*** Opening GIVEN RECORDS ***

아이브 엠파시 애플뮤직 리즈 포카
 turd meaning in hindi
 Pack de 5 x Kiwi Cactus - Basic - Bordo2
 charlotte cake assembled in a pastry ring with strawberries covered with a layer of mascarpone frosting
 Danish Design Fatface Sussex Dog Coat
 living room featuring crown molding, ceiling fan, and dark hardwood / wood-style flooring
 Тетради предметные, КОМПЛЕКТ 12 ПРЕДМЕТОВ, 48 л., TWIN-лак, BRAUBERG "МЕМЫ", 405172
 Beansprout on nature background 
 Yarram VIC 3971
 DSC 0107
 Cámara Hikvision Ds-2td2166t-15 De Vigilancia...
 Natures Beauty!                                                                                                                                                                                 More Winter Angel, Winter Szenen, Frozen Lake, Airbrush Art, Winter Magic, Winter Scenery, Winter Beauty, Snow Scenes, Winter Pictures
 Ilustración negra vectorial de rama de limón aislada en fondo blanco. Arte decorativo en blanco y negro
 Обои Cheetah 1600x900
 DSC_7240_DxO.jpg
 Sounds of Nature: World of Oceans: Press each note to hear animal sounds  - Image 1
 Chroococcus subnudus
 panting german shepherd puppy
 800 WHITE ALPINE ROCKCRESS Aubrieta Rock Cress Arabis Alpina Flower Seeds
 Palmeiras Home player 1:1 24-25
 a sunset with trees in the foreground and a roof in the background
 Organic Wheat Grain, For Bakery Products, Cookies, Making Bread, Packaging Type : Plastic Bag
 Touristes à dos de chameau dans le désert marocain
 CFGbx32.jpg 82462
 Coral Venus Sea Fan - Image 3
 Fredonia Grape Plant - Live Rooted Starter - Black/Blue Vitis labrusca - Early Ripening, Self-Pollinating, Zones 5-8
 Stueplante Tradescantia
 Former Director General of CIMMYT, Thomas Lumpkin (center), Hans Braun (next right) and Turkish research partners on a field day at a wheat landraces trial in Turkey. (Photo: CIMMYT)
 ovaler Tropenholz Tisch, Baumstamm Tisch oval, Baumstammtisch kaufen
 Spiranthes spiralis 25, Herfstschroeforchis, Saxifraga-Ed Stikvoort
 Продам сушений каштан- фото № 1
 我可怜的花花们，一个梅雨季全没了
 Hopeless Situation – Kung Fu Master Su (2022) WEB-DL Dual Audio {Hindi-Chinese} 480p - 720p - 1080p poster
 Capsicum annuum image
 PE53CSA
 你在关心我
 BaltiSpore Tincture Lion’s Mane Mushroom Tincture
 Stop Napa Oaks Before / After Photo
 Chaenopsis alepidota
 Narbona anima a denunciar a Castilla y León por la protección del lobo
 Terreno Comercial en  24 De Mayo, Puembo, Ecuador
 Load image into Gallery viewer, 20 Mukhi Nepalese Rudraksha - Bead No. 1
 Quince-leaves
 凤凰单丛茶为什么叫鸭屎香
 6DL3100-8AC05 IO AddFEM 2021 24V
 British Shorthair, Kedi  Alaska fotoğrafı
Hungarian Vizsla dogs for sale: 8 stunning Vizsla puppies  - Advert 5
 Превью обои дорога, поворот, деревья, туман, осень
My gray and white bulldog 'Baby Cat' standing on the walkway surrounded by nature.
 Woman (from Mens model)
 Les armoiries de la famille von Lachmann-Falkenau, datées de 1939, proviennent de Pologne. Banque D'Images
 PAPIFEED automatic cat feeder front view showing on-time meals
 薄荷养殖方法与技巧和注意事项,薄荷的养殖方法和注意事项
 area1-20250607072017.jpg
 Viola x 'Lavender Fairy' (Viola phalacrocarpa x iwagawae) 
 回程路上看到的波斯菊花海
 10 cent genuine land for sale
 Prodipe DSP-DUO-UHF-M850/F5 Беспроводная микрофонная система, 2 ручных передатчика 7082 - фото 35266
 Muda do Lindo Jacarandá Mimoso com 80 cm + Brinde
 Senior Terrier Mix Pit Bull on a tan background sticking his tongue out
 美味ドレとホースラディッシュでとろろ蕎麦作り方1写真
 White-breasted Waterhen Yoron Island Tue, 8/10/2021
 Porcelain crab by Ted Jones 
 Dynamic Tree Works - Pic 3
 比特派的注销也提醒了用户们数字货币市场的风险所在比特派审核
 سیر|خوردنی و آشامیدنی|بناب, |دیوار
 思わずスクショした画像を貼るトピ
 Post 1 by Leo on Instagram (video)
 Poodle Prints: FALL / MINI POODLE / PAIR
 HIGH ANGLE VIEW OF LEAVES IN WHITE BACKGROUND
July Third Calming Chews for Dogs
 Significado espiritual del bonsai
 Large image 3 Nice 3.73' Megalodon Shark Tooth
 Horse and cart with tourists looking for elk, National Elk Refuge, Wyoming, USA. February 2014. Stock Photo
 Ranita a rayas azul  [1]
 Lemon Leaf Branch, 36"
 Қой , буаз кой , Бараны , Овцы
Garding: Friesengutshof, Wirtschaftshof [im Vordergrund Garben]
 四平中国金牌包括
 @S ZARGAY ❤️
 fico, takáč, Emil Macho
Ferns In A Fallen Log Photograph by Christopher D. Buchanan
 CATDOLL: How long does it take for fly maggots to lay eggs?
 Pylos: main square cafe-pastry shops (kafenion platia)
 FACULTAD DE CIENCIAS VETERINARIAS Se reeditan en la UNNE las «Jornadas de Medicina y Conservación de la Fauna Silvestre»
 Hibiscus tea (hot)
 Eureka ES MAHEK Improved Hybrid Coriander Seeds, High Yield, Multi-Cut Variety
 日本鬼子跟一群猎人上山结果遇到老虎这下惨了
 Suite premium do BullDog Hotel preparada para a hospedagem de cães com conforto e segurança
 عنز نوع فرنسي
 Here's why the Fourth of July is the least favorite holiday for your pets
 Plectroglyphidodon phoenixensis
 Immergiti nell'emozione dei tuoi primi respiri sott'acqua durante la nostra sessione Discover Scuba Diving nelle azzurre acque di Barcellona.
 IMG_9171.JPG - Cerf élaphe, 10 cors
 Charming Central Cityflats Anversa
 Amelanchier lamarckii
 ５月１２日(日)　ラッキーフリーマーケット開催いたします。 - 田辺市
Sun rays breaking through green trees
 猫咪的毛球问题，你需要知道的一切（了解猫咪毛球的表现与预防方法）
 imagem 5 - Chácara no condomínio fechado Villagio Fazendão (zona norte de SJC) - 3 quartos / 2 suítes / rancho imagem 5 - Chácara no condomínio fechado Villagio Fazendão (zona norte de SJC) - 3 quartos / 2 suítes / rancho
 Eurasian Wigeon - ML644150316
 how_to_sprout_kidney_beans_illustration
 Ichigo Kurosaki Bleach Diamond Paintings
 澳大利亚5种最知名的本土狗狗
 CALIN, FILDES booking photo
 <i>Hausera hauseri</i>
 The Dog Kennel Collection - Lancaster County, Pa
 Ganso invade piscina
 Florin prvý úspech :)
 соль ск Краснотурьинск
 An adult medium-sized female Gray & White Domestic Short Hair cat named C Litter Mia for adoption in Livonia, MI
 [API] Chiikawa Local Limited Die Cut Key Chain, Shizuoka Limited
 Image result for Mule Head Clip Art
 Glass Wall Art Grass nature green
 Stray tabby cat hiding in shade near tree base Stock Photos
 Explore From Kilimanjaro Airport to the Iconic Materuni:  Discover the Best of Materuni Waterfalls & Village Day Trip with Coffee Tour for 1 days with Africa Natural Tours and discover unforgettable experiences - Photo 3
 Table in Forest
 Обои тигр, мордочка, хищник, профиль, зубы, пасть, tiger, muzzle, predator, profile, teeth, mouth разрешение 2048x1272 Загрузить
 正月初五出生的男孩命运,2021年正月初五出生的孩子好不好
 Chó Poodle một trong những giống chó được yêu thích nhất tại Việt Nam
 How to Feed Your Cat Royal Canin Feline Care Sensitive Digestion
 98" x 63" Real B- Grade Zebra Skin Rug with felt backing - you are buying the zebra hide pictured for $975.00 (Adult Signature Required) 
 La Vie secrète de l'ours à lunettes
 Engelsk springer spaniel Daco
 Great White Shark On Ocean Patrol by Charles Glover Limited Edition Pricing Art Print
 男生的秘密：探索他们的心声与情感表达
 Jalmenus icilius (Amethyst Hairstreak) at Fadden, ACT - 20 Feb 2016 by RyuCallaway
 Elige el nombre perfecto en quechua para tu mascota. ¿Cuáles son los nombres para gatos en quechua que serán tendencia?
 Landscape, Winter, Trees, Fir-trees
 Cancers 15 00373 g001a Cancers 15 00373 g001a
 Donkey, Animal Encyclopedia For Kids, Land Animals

*** Closing GIVEN RECORDS ***

**PROBLEM REQUIREMENTS**
Check each line of the entries for the word "Limited", then state the count alone.

**ANSWER SECTION**
2